[Supplied material Boundary: Start]

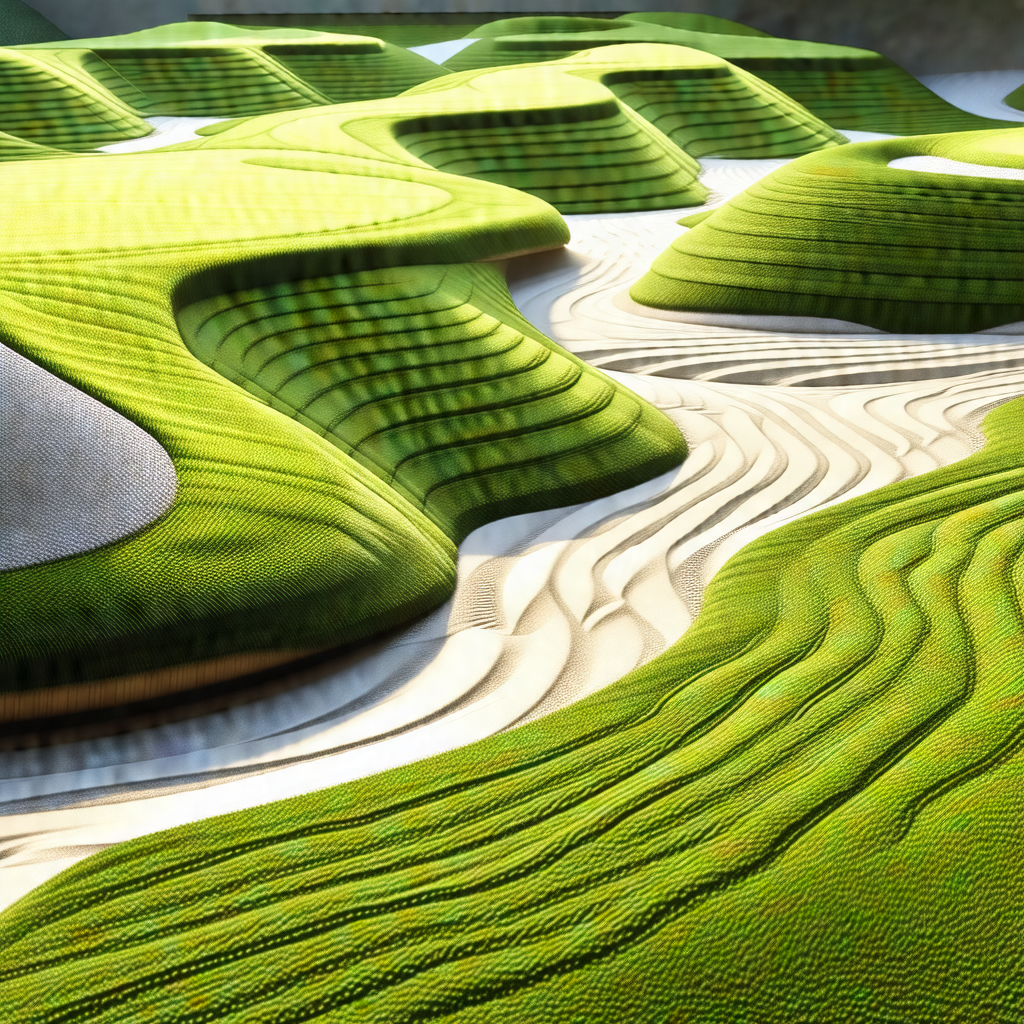 Large, green, grassy field with a variety of mounds and h...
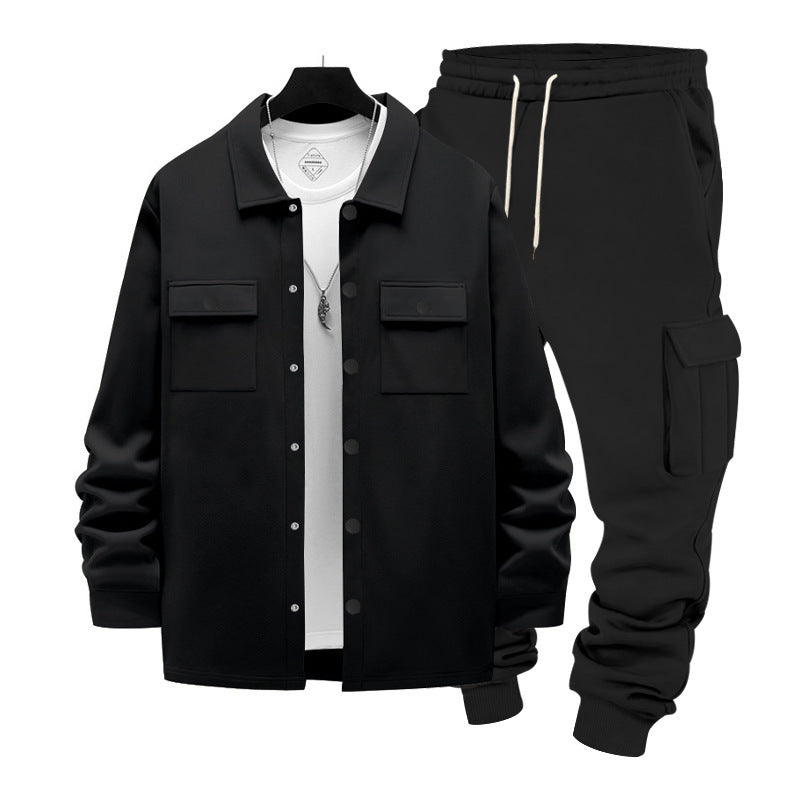 Herren nan lässiges Baumwoll-Misch Overshirt und Cargo-Jogger Set mit Kordelzug, Pattentaschen und elastischen Bündchen Drune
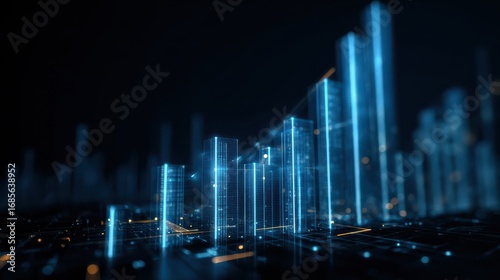 digital graph representing financial growth with glowing bars and lines showcasing upward trends and data analysis futuristic design emphasizes technology and innovation in business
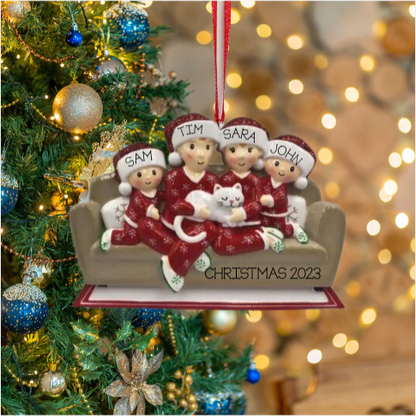 Family with Cat (Couple to Family of 6) Ornament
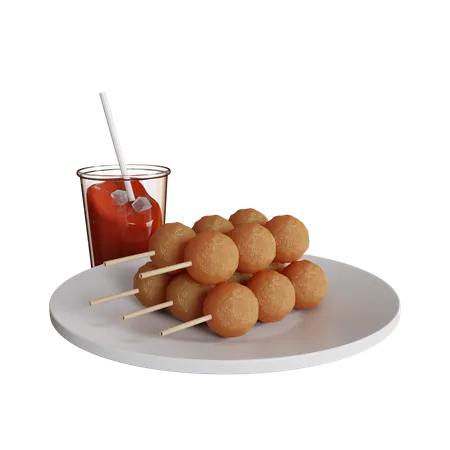 Satay aux boulettes de viande  3D Icon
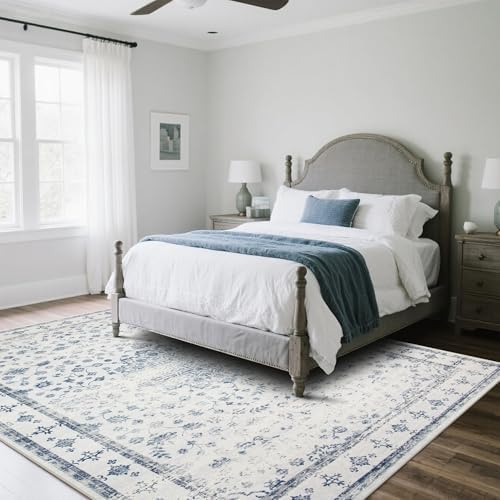 8x10 Washable Area Rugs for Living Room,Bedroom,Dining Room- Blue White - Image 7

[Supplied material Boundary: End]

Everything in the entries must be written out exactly; the pictures stay out.

§ Task solution:
 Large, green, grassy field with a variety of mounds and h...
 Herren nan lässiges Baumwoll-Misch Overshirt und Cargo-Jogger Set mit Kordelzug, Pattentaschen und elastischen Bündchen Drune
 digital graph representing financial growth with glowing bars and lines showcasing upward trends and data analysis futuristic design emphasizes technology and innovation in business
 Family with Cat (Couple to Family of 6) Ornament
 Satay aux boulettes de viande  3D Icon
 8x10 Washable Area Rugs for Living Room,Bedroom,Dining Room- Blue White - Image 7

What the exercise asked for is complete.